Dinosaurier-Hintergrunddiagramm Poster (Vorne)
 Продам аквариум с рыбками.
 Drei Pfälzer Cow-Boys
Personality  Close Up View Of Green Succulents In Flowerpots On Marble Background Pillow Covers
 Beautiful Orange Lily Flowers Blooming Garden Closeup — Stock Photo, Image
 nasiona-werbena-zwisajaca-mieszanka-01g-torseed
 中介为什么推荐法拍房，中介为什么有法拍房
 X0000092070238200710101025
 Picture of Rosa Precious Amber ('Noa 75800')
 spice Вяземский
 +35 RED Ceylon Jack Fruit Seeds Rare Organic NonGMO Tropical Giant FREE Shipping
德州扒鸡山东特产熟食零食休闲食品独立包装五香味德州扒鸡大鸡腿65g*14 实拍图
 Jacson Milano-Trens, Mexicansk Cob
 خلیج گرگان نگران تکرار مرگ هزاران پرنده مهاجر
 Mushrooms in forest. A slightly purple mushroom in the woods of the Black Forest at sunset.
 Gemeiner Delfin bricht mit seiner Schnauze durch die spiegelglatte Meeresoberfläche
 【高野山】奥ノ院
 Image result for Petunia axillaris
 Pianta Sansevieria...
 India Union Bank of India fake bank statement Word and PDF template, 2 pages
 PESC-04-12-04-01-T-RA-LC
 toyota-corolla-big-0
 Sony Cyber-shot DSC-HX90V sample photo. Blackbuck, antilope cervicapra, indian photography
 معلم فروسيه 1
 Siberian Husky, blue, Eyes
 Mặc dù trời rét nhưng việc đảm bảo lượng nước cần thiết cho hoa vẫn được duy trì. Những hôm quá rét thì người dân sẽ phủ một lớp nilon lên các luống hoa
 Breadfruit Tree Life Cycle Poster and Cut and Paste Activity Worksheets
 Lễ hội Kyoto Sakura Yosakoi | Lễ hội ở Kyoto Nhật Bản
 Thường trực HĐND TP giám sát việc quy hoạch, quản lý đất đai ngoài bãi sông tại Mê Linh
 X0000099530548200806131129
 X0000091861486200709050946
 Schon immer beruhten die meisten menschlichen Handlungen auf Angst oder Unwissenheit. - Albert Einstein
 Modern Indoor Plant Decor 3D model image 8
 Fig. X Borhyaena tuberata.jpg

* [THE PROBLEM]:
In the listing above, the lines from the one containing "Giant FREE Shipping" through the one containing "خلیج گرگان نگران" must be set down exactly, with no other lines.

* [ANSWER TO THIS PROBLEM]:
 +35 RED Ceylon Jack Fruit Seeds Rare Organic NonGMO Tropical Giant FREE Shipping
德州扒鸡山东特产熟食零食休闲食品独立包装五香味德州扒鸡大鸡腿65g*14 实拍图
 Jacson Milano-Trens, Mexicansk Cob
 خلیج گرگان نگران تکرار مرگ هزاران پرنده مهاجر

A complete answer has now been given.